## INPUT DATA
◆ ◆ ◆ ◆
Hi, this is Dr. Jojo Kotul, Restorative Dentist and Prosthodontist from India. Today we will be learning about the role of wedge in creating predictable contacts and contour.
◆ ◆ ◆ ◆
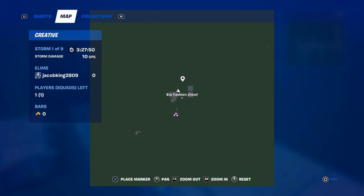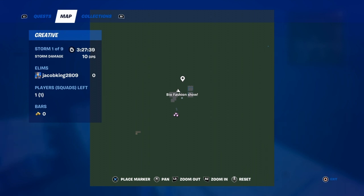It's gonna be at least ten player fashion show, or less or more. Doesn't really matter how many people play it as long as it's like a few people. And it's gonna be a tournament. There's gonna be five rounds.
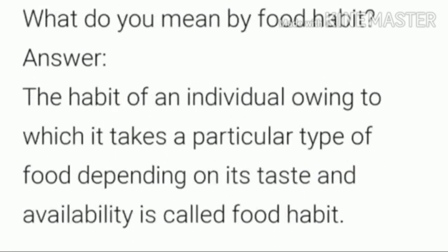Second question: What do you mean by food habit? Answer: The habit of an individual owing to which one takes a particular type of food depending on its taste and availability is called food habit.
◆ ◆ ◆ ◆
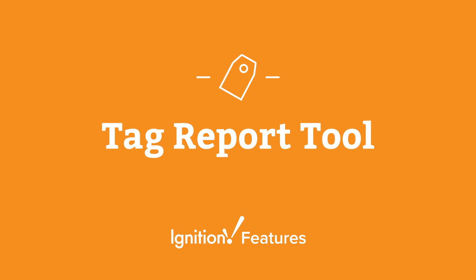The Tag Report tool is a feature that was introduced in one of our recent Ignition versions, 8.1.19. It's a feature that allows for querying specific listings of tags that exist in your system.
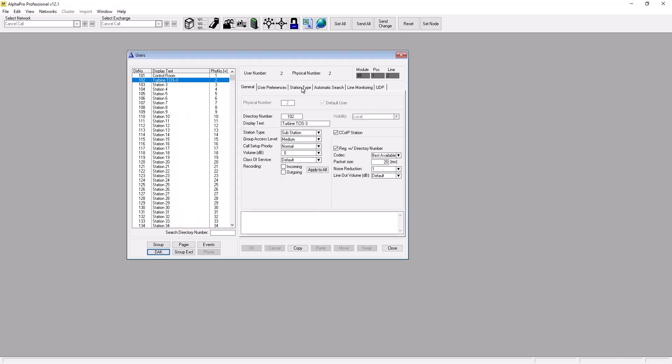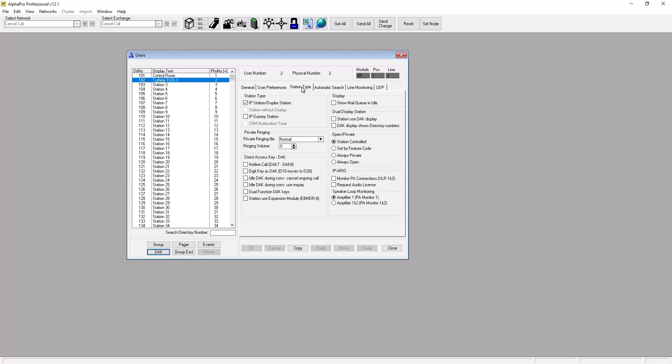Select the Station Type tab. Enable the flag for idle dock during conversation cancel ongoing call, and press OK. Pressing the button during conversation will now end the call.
◆ ◆ ◆ ◆
Reproduce the data above exactly, but only from the line containing "The Tag Report" through the line containing "Select the Station". Omit all pictures.

## REPLY
The Tag Report tool is a feature that was introduced in one of our recent Ignition versions, 8.1.19. It's a feature that allows for querying specific listings of tags that exist in your system.
Select the Station Type tab. Enable the flag for idle dock during conversation cancel ongoing call, and press OK. Pressing the button during conversation will now end the call.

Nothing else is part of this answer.